The FTC continues, “The employee wasn’t stopped until another employee discovered the misconduct. Even after Ring imposed restrictions on who could access customers’ videos, the company wasn’t able to determine how many other employees inappropriately accessed private videos because Ring failed to implement basic measures to monitor and detect employees’ video access.”

A Failure to Protect Customers From Outside Threats

The FTC also claims Ring failed to take meaningful steps to notify customers or obtain consent for human review of private video recordings. Ring buried implied consent within its Terms of Service and Privacy Policy, claiming it had the right to use recordings to improve and develop its products.

Ring also failed to protect user data from outside threats. The FTC claims that Ring didn’t take meaningful action to prevent consumers’ data from being stolen and used to access other accounts, a technique known as “credential stuffing.” Ring experienced multiple “credential stuffing” attacks in 2017 and 2018, and the FTC’s complaint says that Ring didn’t do anything about it until 2019. The FTC considers Ring’s approach to security to be haphazard at best.

Hackers continued to have access to vulnerabilities, including stored customer videos, for a considerable period. The FTC’s complaint alleges that approximately 55,000 customer accounts in the United States were compromised.

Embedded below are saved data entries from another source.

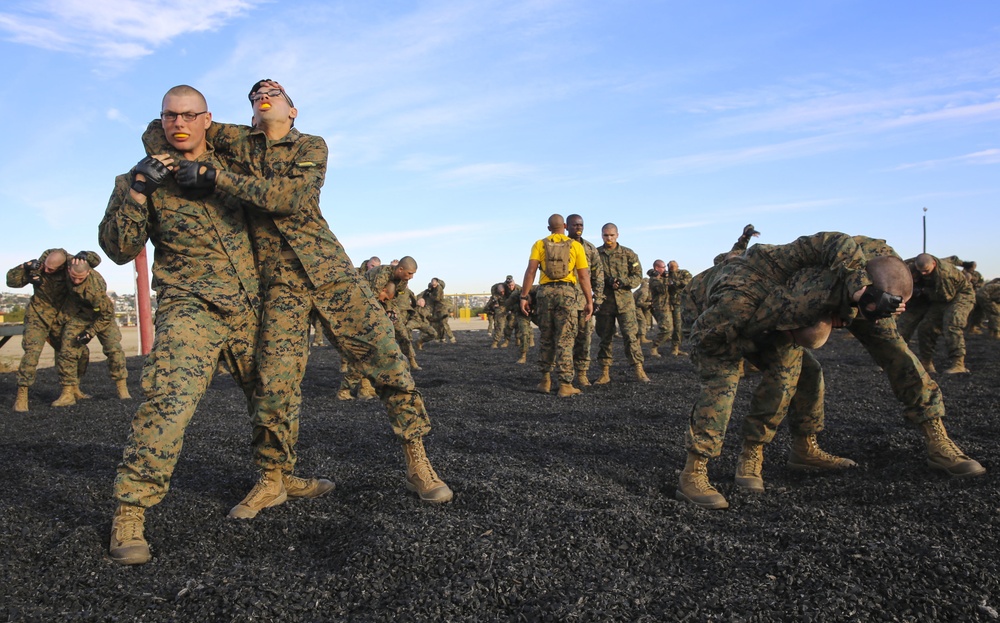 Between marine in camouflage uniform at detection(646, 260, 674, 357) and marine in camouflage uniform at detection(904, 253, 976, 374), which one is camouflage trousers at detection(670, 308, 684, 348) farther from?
marine in camouflage uniform at detection(904, 253, 976, 374)

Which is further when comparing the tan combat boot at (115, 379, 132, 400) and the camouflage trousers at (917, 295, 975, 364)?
the camouflage trousers at (917, 295, 975, 364)

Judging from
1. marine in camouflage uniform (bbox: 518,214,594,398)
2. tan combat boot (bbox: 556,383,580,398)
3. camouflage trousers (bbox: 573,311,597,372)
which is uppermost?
marine in camouflage uniform (bbox: 518,214,594,398)

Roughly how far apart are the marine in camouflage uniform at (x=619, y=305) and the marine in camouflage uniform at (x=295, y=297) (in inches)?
258

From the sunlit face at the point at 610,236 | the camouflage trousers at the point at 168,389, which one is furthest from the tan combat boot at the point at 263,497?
the sunlit face at the point at 610,236

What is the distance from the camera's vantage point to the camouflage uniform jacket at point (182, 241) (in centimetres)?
319

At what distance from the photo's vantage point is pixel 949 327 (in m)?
9.77

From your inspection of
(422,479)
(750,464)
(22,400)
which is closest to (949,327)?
(750,464)

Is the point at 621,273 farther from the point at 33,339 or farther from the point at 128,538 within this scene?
the point at 128,538

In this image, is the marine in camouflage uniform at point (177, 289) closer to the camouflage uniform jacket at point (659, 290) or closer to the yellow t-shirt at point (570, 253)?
the yellow t-shirt at point (570, 253)

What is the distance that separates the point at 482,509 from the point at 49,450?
402 cm

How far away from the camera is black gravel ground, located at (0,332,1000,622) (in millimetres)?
2459

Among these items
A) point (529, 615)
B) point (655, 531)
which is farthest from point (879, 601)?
point (529, 615)

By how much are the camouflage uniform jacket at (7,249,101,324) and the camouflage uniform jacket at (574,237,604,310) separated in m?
6.25

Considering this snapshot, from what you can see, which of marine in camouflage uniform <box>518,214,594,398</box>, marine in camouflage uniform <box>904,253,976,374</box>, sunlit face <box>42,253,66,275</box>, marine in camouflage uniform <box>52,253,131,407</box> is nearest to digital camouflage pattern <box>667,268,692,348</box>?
marine in camouflage uniform <box>904,253,976,374</box> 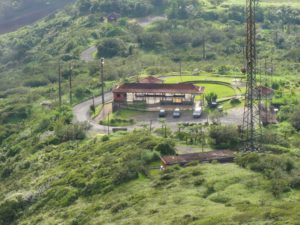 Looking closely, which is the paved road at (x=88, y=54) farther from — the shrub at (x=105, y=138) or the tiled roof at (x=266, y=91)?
the shrub at (x=105, y=138)

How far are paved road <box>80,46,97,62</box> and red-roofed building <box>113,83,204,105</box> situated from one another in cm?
4808

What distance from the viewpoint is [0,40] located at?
174 m

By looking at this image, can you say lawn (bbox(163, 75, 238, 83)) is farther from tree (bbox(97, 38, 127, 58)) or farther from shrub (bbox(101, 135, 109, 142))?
tree (bbox(97, 38, 127, 58))

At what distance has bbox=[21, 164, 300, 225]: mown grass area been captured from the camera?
35750mm

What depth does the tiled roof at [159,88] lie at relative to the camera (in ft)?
267

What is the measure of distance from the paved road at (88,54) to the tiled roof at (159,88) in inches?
1874

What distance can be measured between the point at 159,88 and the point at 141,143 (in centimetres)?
2477

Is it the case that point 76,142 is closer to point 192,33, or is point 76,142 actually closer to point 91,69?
point 91,69

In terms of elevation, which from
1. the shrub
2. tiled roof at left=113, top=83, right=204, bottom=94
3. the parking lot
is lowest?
the shrub

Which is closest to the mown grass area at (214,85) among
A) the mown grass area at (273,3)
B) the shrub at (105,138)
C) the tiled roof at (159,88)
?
the tiled roof at (159,88)

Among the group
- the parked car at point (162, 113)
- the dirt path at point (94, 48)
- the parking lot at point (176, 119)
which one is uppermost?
the dirt path at point (94, 48)

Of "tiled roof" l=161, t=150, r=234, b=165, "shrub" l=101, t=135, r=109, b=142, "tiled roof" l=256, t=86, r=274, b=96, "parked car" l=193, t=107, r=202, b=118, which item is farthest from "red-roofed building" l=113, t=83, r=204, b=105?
"tiled roof" l=161, t=150, r=234, b=165

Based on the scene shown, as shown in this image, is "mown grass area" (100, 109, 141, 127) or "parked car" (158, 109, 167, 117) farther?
"parked car" (158, 109, 167, 117)

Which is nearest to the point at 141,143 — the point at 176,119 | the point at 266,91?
the point at 176,119
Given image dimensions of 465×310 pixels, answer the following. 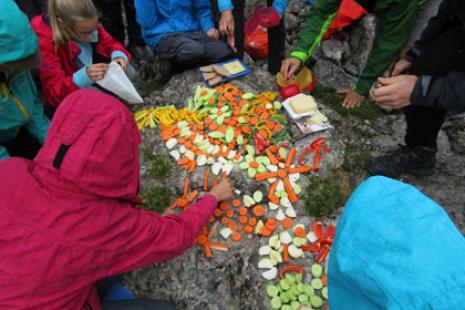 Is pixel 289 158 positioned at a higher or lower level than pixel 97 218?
lower

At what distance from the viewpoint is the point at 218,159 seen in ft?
11.6

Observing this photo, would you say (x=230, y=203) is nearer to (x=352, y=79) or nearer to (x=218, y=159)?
(x=218, y=159)

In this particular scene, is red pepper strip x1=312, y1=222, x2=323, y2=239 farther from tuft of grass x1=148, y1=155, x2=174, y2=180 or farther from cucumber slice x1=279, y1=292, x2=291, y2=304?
tuft of grass x1=148, y1=155, x2=174, y2=180

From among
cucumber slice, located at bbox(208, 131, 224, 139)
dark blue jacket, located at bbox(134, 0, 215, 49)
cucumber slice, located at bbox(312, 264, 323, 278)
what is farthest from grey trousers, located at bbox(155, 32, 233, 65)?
cucumber slice, located at bbox(312, 264, 323, 278)

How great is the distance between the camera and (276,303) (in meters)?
2.66

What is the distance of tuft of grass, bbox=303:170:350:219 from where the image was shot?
126 inches

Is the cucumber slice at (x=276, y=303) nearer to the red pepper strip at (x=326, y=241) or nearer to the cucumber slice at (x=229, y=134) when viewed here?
the red pepper strip at (x=326, y=241)

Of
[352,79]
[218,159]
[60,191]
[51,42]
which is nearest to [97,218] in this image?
[60,191]

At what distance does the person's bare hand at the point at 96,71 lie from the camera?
3.53 m

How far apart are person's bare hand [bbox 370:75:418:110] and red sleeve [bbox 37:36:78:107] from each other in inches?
123

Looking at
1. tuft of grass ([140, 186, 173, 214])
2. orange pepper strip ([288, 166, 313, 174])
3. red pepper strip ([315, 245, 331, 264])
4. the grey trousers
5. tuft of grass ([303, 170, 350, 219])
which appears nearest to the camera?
red pepper strip ([315, 245, 331, 264])

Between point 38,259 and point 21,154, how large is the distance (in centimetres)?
228

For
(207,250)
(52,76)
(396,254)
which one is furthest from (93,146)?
(52,76)

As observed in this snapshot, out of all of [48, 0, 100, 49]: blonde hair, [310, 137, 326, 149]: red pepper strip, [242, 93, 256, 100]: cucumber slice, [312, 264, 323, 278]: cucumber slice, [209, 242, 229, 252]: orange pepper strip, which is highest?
[48, 0, 100, 49]: blonde hair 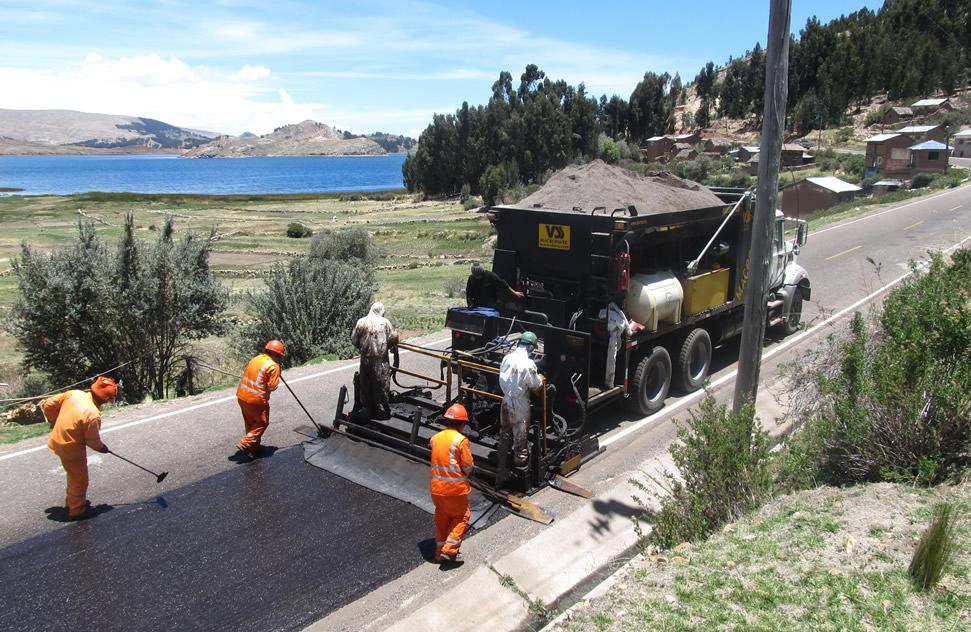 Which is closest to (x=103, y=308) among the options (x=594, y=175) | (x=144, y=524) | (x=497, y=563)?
(x=144, y=524)

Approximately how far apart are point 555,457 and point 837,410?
2870 mm

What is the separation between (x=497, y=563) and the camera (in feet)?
19.9

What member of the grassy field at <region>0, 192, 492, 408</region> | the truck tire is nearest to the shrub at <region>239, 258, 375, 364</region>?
the grassy field at <region>0, 192, 492, 408</region>

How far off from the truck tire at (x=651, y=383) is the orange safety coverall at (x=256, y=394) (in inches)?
188

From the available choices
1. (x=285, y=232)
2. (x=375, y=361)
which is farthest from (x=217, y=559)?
(x=285, y=232)

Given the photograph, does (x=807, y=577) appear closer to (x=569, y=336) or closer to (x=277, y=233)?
(x=569, y=336)

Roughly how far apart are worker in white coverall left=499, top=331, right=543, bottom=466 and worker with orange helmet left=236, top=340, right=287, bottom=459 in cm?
293

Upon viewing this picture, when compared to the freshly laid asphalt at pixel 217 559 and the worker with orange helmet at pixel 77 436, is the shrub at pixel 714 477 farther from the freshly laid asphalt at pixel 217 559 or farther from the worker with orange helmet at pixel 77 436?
the worker with orange helmet at pixel 77 436

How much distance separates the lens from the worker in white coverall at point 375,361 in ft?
28.0

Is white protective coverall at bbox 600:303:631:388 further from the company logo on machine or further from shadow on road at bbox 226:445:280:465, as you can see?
shadow on road at bbox 226:445:280:465

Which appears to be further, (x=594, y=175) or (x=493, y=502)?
(x=594, y=175)

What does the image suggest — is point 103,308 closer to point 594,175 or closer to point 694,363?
point 594,175

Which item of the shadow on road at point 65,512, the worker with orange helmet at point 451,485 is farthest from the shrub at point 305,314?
the worker with orange helmet at point 451,485

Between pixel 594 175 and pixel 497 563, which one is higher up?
pixel 594 175
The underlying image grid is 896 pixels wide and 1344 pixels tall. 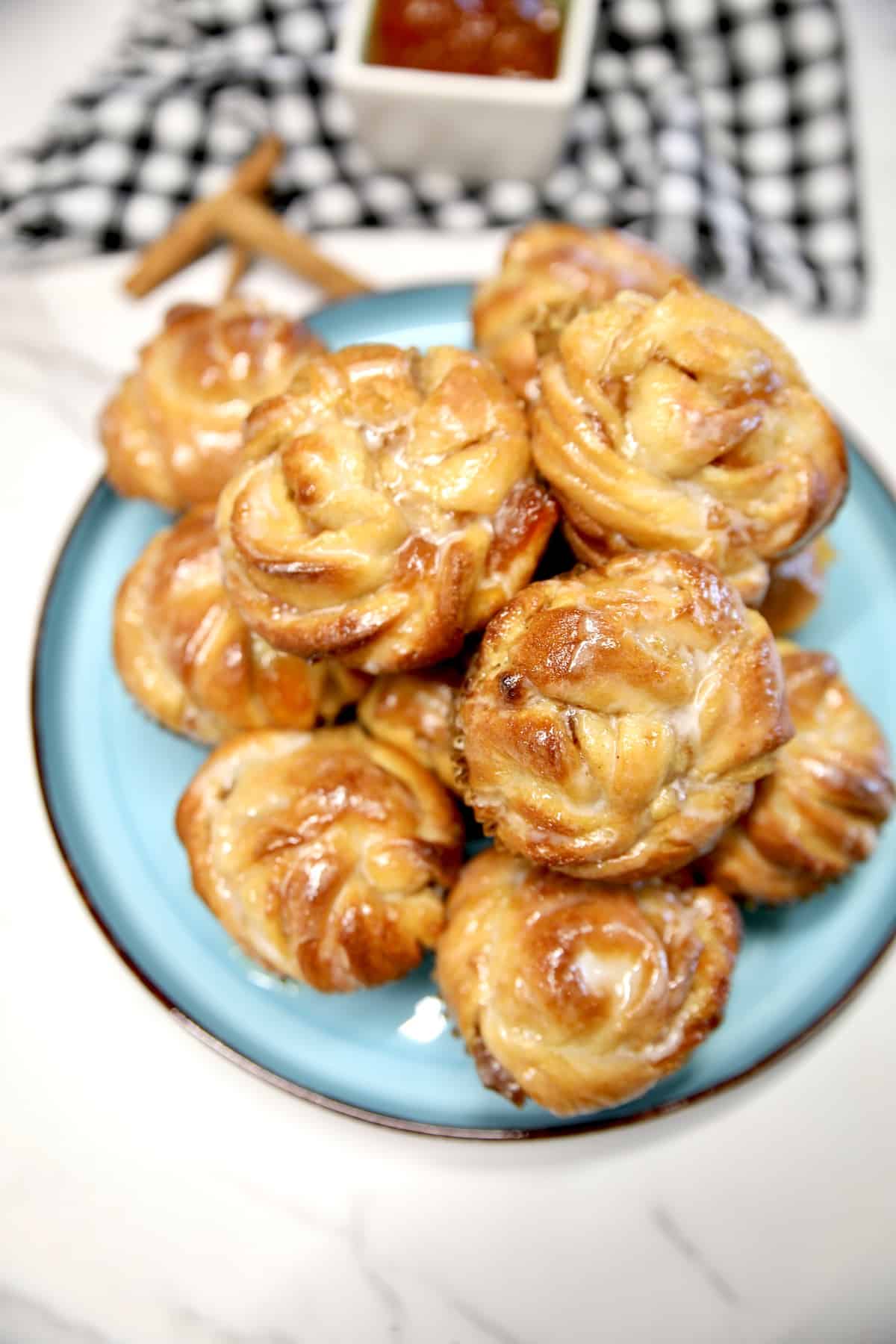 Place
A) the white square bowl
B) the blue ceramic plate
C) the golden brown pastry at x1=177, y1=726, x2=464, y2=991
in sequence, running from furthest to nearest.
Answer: the white square bowl < the blue ceramic plate < the golden brown pastry at x1=177, y1=726, x2=464, y2=991

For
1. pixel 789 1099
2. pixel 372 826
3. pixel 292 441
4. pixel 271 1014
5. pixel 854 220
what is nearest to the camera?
pixel 292 441

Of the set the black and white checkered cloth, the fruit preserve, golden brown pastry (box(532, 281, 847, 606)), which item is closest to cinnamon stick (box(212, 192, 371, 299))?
the black and white checkered cloth

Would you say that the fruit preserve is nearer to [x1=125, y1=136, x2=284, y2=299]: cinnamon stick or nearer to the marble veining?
[x1=125, y1=136, x2=284, y2=299]: cinnamon stick

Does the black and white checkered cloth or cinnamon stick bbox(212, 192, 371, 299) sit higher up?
the black and white checkered cloth

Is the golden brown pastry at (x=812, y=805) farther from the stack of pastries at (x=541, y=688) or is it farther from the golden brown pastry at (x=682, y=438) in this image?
the golden brown pastry at (x=682, y=438)

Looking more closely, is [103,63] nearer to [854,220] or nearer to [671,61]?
[671,61]

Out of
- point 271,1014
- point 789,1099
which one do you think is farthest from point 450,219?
point 789,1099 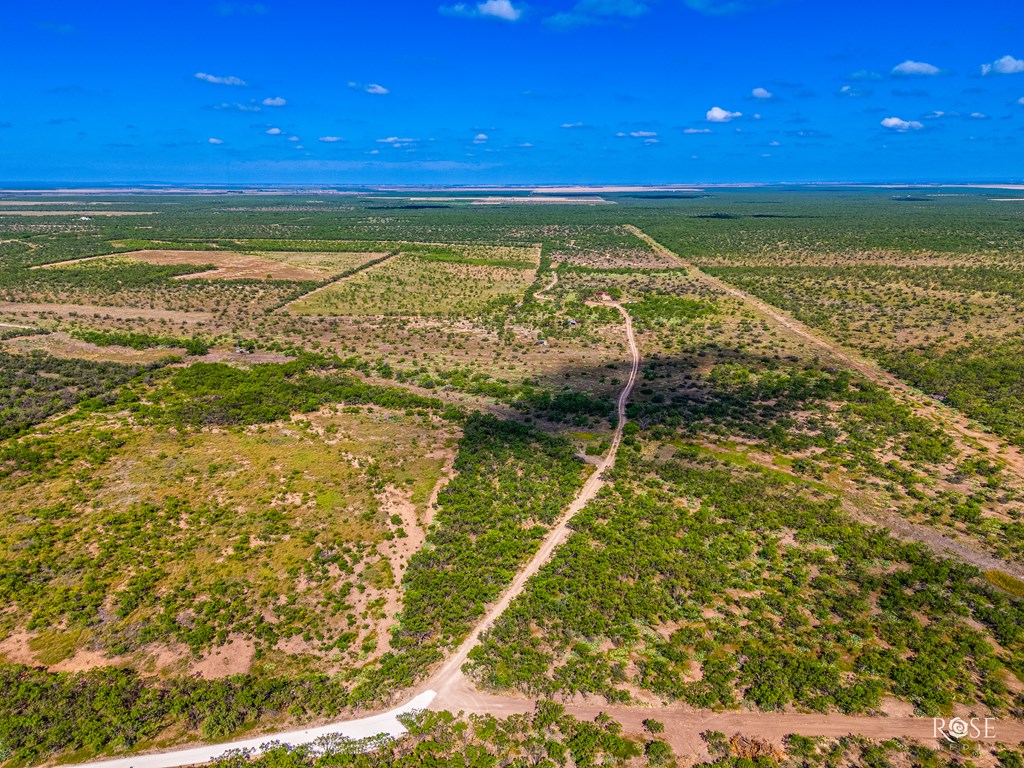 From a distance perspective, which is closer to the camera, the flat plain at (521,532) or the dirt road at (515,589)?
the flat plain at (521,532)

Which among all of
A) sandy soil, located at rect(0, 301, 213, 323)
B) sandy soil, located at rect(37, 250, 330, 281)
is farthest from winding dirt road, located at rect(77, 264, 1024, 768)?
sandy soil, located at rect(37, 250, 330, 281)

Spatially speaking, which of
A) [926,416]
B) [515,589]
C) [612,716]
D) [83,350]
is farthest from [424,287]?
[612,716]

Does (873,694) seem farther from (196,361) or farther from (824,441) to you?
(196,361)

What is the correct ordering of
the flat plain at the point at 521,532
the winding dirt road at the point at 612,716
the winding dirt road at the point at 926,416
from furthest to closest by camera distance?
the winding dirt road at the point at 926,416
the flat plain at the point at 521,532
the winding dirt road at the point at 612,716

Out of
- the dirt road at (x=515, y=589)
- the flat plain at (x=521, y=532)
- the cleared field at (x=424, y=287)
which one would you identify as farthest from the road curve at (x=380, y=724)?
the cleared field at (x=424, y=287)

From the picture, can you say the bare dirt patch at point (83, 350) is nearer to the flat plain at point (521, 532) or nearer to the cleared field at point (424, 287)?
the flat plain at point (521, 532)

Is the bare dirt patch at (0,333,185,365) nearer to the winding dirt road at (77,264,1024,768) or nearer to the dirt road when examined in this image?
the dirt road

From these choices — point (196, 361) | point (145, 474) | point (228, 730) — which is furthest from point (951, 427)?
point (196, 361) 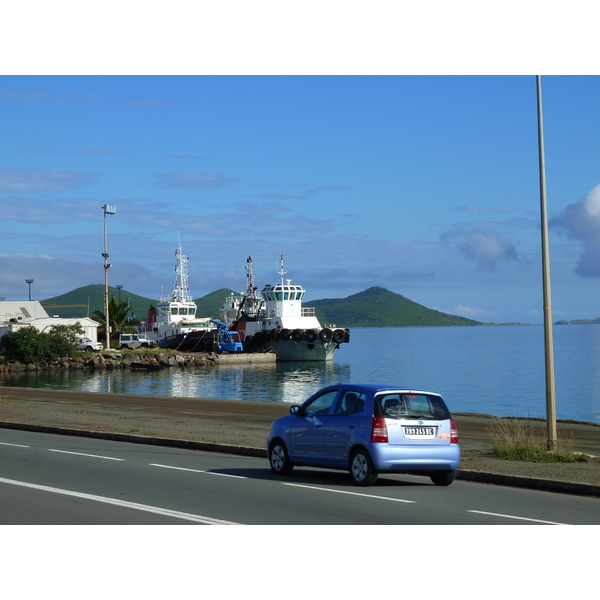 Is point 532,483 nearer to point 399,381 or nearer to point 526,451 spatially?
point 526,451

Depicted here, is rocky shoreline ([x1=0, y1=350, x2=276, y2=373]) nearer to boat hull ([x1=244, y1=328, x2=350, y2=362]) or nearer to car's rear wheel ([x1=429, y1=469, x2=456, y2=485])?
boat hull ([x1=244, y1=328, x2=350, y2=362])

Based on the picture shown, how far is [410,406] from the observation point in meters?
11.8

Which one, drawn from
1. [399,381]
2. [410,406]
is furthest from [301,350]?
[410,406]

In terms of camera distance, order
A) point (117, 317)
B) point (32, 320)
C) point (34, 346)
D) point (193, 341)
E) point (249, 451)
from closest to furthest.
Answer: point (249, 451) < point (34, 346) < point (32, 320) < point (193, 341) < point (117, 317)

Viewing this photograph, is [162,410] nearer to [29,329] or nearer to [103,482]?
[103,482]

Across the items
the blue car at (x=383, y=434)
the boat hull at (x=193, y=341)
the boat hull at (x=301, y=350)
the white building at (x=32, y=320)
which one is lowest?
the blue car at (x=383, y=434)

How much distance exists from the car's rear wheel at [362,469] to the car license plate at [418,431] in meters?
0.67

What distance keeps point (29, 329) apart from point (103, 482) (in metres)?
71.1

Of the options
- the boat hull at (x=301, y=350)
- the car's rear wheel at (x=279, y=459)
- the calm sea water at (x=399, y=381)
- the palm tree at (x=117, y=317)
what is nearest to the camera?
the car's rear wheel at (x=279, y=459)

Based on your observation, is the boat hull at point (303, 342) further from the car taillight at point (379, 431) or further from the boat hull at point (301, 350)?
the car taillight at point (379, 431)

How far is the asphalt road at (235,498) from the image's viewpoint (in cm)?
884

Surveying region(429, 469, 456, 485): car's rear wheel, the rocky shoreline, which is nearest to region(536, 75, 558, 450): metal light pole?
region(429, 469, 456, 485): car's rear wheel

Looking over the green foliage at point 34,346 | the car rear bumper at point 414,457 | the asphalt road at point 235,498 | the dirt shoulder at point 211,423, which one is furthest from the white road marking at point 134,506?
the green foliage at point 34,346

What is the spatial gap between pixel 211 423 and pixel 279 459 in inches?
416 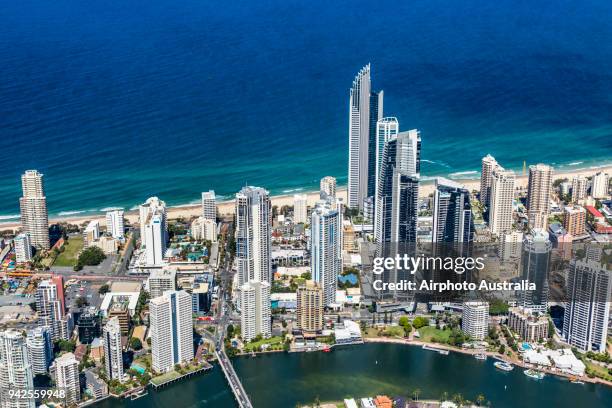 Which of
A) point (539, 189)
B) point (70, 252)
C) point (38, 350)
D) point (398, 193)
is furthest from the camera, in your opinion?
point (539, 189)

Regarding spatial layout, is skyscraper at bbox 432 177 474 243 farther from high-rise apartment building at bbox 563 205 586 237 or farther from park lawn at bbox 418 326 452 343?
high-rise apartment building at bbox 563 205 586 237

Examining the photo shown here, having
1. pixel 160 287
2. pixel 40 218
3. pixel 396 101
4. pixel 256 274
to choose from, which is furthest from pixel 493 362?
pixel 396 101

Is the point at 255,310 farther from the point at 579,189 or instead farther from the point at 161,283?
the point at 579,189

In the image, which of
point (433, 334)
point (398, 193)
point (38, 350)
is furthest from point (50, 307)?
point (398, 193)

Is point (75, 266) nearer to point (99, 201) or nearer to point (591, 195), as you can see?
point (99, 201)

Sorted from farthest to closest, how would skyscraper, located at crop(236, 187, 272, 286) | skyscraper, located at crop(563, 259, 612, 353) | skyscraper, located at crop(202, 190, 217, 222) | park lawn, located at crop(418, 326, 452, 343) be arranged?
skyscraper, located at crop(202, 190, 217, 222)
skyscraper, located at crop(236, 187, 272, 286)
park lawn, located at crop(418, 326, 452, 343)
skyscraper, located at crop(563, 259, 612, 353)

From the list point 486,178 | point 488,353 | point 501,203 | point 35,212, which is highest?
point 486,178

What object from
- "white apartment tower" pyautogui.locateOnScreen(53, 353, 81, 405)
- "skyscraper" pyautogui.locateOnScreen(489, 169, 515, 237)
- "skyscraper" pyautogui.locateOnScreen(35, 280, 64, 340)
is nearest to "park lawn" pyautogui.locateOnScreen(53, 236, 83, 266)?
"skyscraper" pyautogui.locateOnScreen(35, 280, 64, 340) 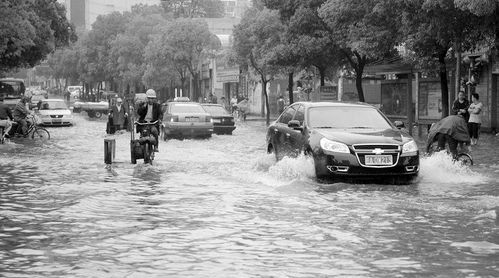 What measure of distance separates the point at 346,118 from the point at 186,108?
16377 millimetres

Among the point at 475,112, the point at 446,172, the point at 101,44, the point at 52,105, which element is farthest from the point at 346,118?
the point at 101,44

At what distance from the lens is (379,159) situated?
13055 millimetres

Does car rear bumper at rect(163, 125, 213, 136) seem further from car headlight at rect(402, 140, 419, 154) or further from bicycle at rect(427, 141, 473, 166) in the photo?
car headlight at rect(402, 140, 419, 154)

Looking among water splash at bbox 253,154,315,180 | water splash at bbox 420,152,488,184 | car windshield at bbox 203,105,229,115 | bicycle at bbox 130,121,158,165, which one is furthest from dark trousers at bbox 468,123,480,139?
car windshield at bbox 203,105,229,115

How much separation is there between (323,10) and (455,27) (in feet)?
34.0

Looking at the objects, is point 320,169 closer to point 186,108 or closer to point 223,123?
point 186,108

Some Ring Customers Lived in Fear in Their Own Homes

Bad actors stole people’s private videos and content and took control of Ring cameras inside people’s homes and the device’s two-way functionality to “harass, threaten, and insult customers,” according to the FTC, including elderly people and children.

Ring Camera

“For example, hackers taunted several children with racist slurs, sexually propositioned individuals, and threatened a family with physical harm if they didn’t pay a ransom,” the FTC says.

FTC’s Proposed Punishment

In addition to forcing Ring to implement improved privacy and security safeguards, the FTC’s order requires Ring to pay $5.8 million, which will be used for consumer refunds.

“The company also will be required to delete any customer videos and face embeddings, data collected from an individual’s face, that it obtained prior to 2018, and delete any work products it derived from these videos. The proposed order also will require Ring to alert the FTC about incidents of unauthorized access or exposure of its customers’ videos and to notify consumers about the FTC’s action,” the FTC continues.

Signs of a Broader Issue with Cameras

The new FTC ruling against Ring comes less than two months after a bombshell report claimed that Tesla’s staff shared sensitive images captured by customers’ cars. As more cameras are in and around people’s homes, companies seemingly fail to protect their customers.